Le groupe chimique Bayer a retiré sa proposition de règlement à plusieurs milliards dans le cadre du méga-procès RoundUp en raison des doutes exprimés par un juge américain.
Il y a deux semaines, Bayer annonçait vouloir verser 9,6 milliards de dollars pour régler des milliers de procédures judiciaires liées au glyphosate. Cette offre devait résoudre les litiges mondiaux concernant les produits phytosanitaires du géant agrochimique Bayer et empêcher d’éventuelles nouvelles poursuites.
La proposition de désigner un panel d'experts chargé de statuer à l'avance sur la dangerosité cancérigène potentielle du glyphosate pour les futures réclamations a suscité mercredi la critique d’un juge fédéral en Californie, qui supervise l’ensemble des procès engagés contre Bayer aux États-Unis.
Le juge de district Vince Chhabria a déclaré lundi qu’il se montrait « sceptique quant à la justesse et à l’équité » de cette proposition et s’interrogeait sur sa constitutionnalité. Bayer a alors convenu mercredi avec les avocats des plaignants de retirer la disposition relative aux futures réclamations.
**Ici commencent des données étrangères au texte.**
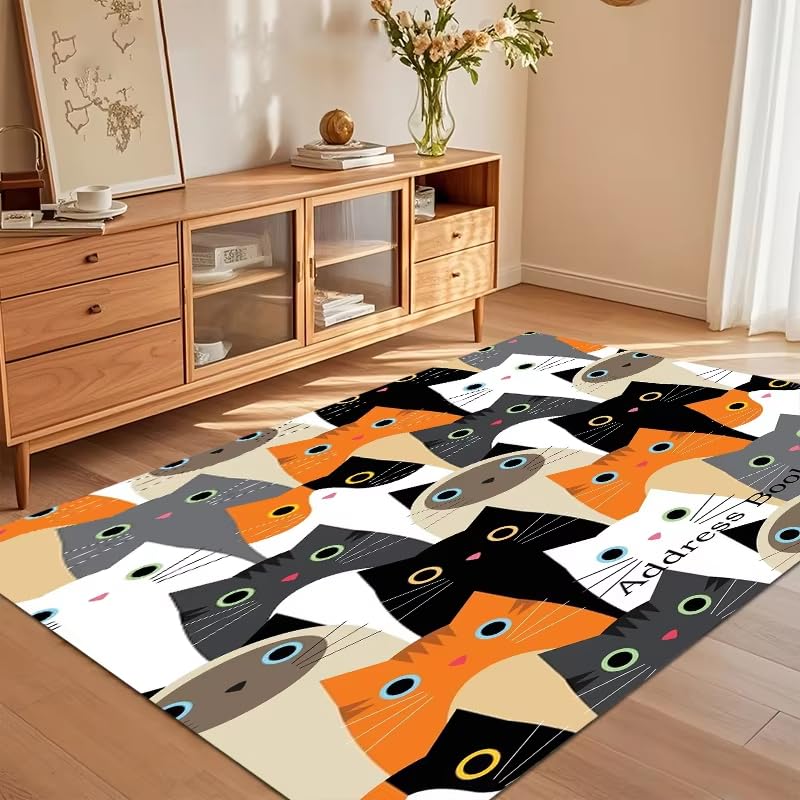 Tapis de salon chat coloré 40x80cm - Tapis de sol antidérapant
Dans un communiqué, l’entreprise a affirmé qu’elle « reste fermement attachée à une solution qui règle à la fois les milliers de procès en cours et offre une issue viable pour les réclamations à venir ».
Le glyphosate, l’herbicide le plus utilisé au monde, est l’ingrédient principal du RoundUp de Bayer. L'Agence Internationale de Recherche sur le Cancer (CIRC) des Nations Unies avait déclaré en 2015 que le glyphosate était « probablement cancérogène pour l’homme ». En début d’année, l'EPA, l’agence américaine chargée des autorisations, a indiqué que cette substance chimique ne présentait pas de danger pour la santé humaine et qu’il était peu probable qu’elle cause le cancer.
Bayer a toujours vigoureusement défendu la sécurité du glyphosate. Bayer a racheté Monsanto, le développeur initial du glyphosate, en 2018 pour 63 milliards de dollars. Le 24 juin, après des mois de négociations, Bayer avait annoncé qu’il paierait entre 8,8 et 9,6 milliards de dollars pour régler environ les trois quarts des 125 000 procès engagés aux États-Unis contre le RoundUp.
Pour les cas futurs, un panel de scientifiques devait déterminer si le glyphosate provoque le cancer, cette décision étant censée être contraignante pour les procès à venir. C’est précisément cet aspect que le juge remet désormais en question, ce qui a conduit Bayer à retirer sa proposition antérieure.
Lors de trois procès précédents, des jurys aux États-Unis ont accordé des montants importants aux plaignants victimes de cancers liés au glyphosate. Lors de l’annonce des accords il y a deux semaines, Bayer avait indiqué qu’il serait moins coûteux de régler ces procès que de faire face à « un nombre croissant de plaignants, plus de vingt procès par an, des décisions judiciaires incertaines, et les répercussions négatives sur la réputation et les activités commerciales ».